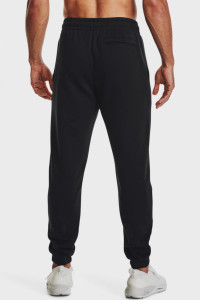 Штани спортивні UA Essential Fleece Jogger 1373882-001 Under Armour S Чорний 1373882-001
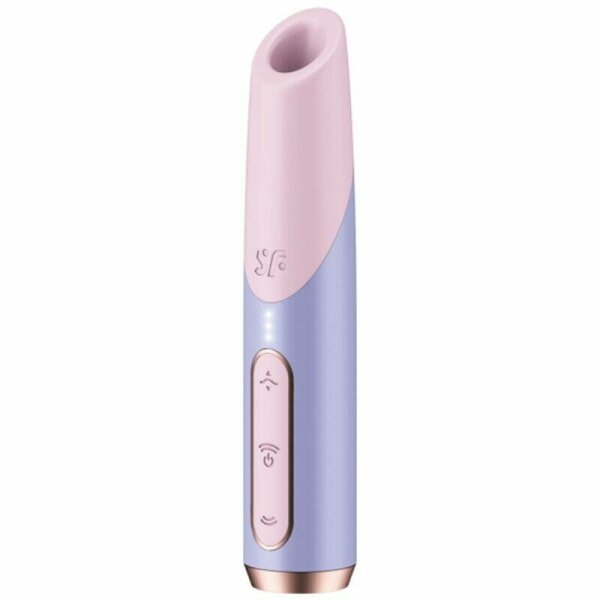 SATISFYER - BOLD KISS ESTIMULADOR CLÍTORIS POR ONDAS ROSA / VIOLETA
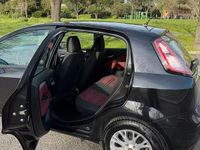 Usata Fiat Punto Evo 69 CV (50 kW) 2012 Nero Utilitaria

+===+

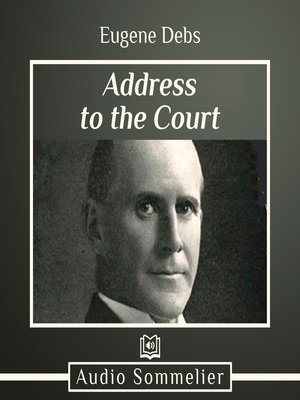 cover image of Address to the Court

+===+

**WHAT TO PRODUCE**:
Above are the records; copy from them only the lines starting at the one containing "Штани спортивні UA" and ending at the one containing "Usata Fiat Punto", exactly and without pictures.

**SOLVED PROBLEM**:
 Штани спортивні UA Essential Fleece Jogger 1373882-001 Under Armour S Чорний 1373882-001
 SATISFYER - BOLD KISS ESTIMULADOR CLÍTORIS POR ONDAS ROSA / VIOLETA
 Usata Fiat Punto Evo 69 CV (50 kW) 2012 Nero Utilitaria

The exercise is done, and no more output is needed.